*What is needed*
Starting with the line that holds "File:Aortic dissection (Radiopaedia", reproduce each line through the last one of the data, exactly as written. Pictures are not copied.

*Exercise data*
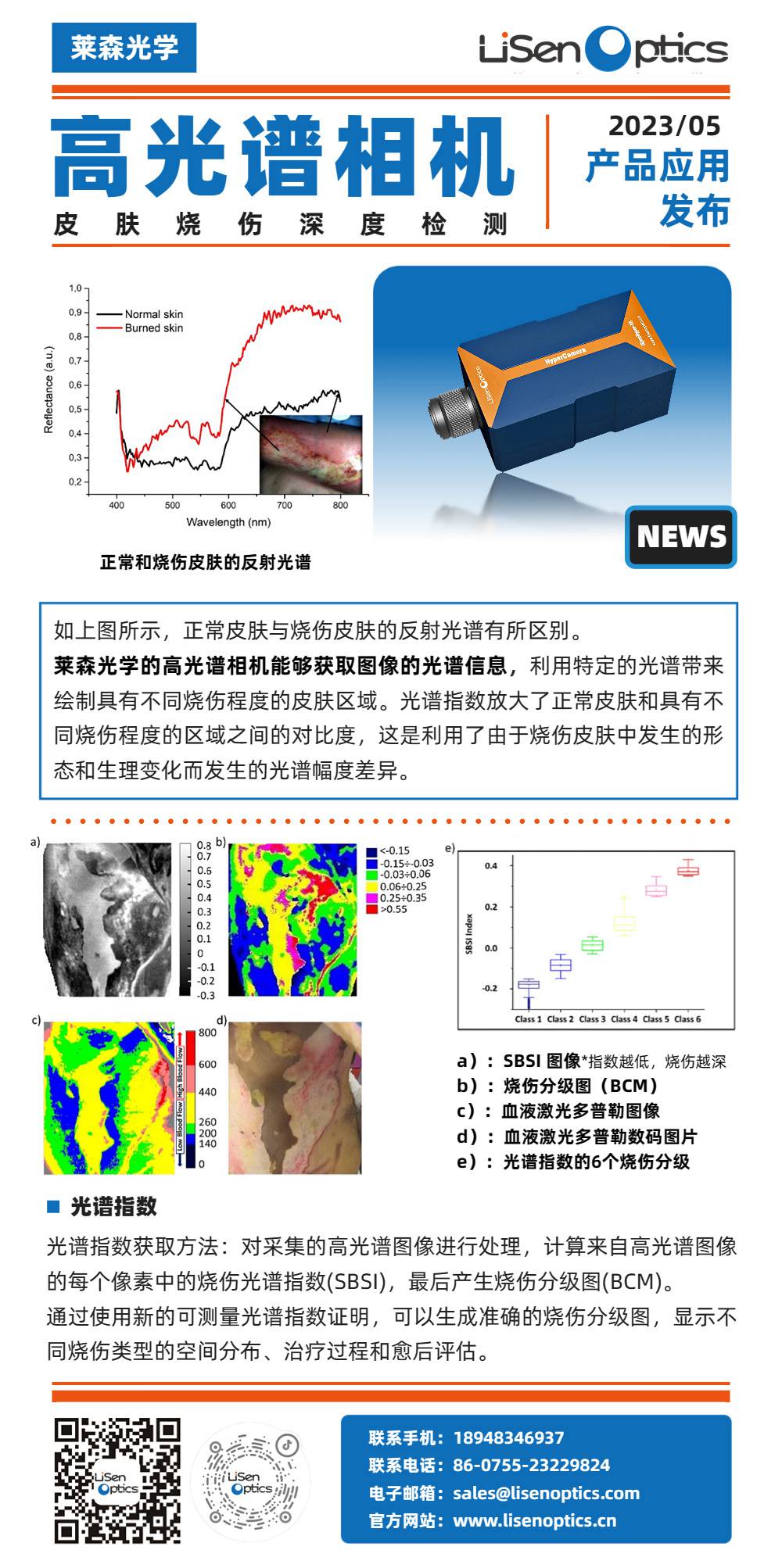 高光譜相機在皮膚燒傷的深度檢測.jpg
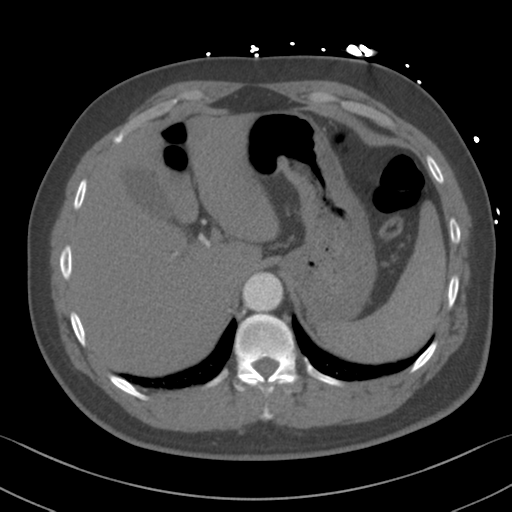 File:Aortic dissection (Radiopaedia 50763-56234 A 70).png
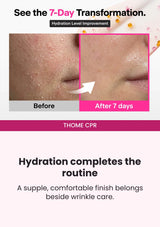 THOME CPR — Seven-day hydration transformation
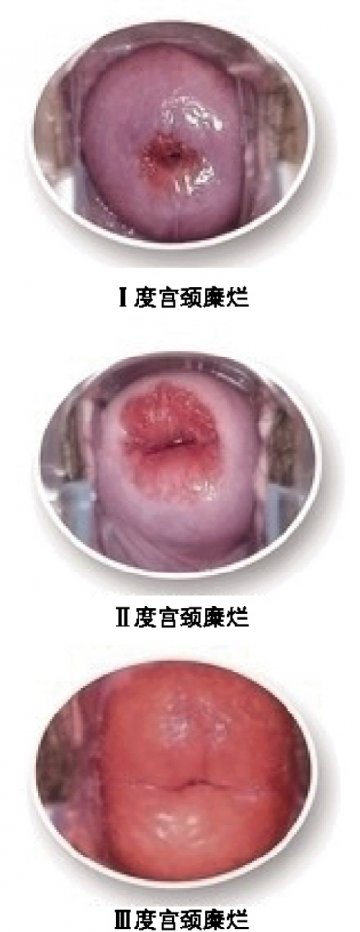 宫颈糜烂，治疗不能“过”
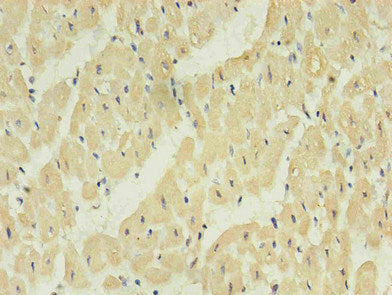 Immunohistochemistry of paraffin-embedded human heart using NPPB Monoclonal Antibody in 30μg/ml dilute concentrations.mouse anti-Human NPPB monoclonal antibody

*Result of the exercise*
 File:Aortic dissection (Radiopaedia 50763-56234 A 70).png
 THOME CPR — Seven-day hydration transformation
 宫颈糜烂，治疗不能“过”
 Immunohistochemistry of paraffin-embedded human heart using NPPB Monoclonal Antibody in 30μg/ml dilute concentrations.mouse anti-Human NPPB monoclonal antibody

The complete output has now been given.